Un seuil symbolique redevenu central
Le bitcoin a franchi 80 000 dollars pour la première fois depuis le 15 mai, prolongeant un rebond rapide qui l’a ramené au cœur de l’attention des marchés mondiaux . Ce seuil n’est pas seulement un chiffre rond. Il représente une zone de résistance que les traders surveillaient depuis plusieurs séances, après une envolée depuis la zone des 60 000 dollars jusqu’aux abords immédiats de 80 000 dollars.
Selon CoinDesk, le bitcoin s’échangeait autour de 80 760 dollars après le franchissement, en hausse de plus de 4% sur la séance, tandis que l’ensemble du marché crypto progressait également . Bitcoin.com avait observé lundi que le bitcoin avait déjà atteint un pic d’août à 79 989 dollars avant un repli vers 79 200 dollars, signe que le marché testait fortement la frontière des 80 000 dollars avant de la dépasser .
L’ampleur du mouvement a rapidement changé le climat psychologique. The Block a rapporté que le bitcoin avait gagné 14 264 dollars sur la semaine close le 23 août, terminant à 77 387 dollars, soit une hausse hebdomadaire de 22,7% et le plus gros gain hebdomadaire en dollars de son histoire . Ce n’est donc pas une simple fluctuation technique. C’est une revalorisation brutale qui oblige les investisseurs à se demander si la structure baissière des derniers mois est en train de se fissurer.

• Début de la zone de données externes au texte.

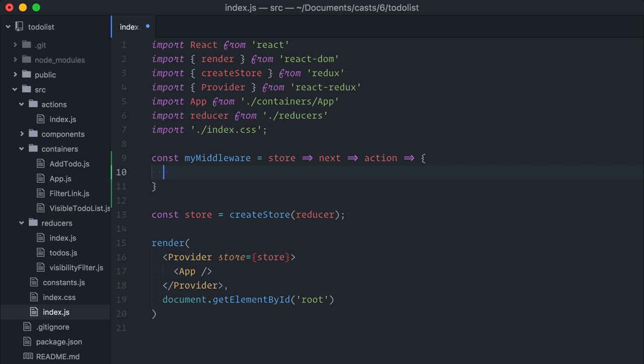Well, we've discussed curried functions before. A curried function is a function that accepts one single parameter at a time, returning another function that accepts another single parameter, and so on and so forth, until all of the parameters are provided.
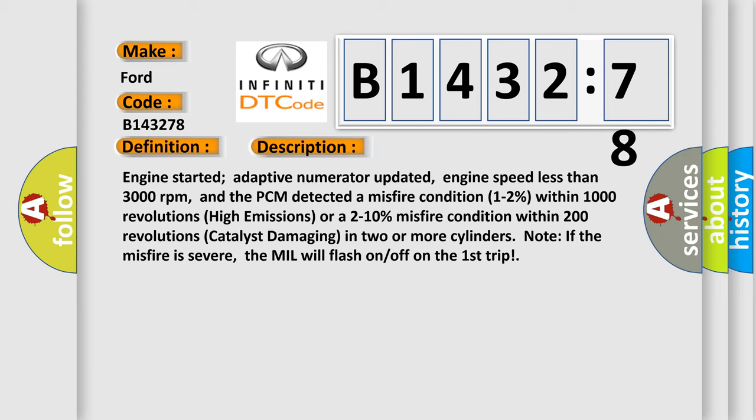And now this is a short description of this DTC code. Engine started adaptive numerator updated.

Une hausse déclenchée par le marché obligataire américain
Le point le plus important de ce rallye est que son déclencheur principal ne vient pas de l’écosystème crypto lui-même. Il vient du marché des bons du Trésor américain.
Plusieurs publications récentes attribuent l’étincelle initiale à la décision du Trésor américain d’augmenter ses rachats d’obligations publiques à long terme. CoinDesk a indiqué que le Trésor avait doublé ses rachats prévus de dette longue jusqu’au début novembre et que la dernière poussée vers 80 000 dollars était intervenue après que le Trésor a suggéré qu’il pourrait utiliser son compte général, proche de 1 000 milliards de dollars, pour financer ces rachats . Dans une analyse précédente, CoinDesk précisait que la taille des opérations de rachat sur les obligations les plus longues passerait de 2 à 4 milliards de dollars par opération, contribuant à faire reculer le rendement du Treasury à 30 ans de 5,34% à environ 5,19% .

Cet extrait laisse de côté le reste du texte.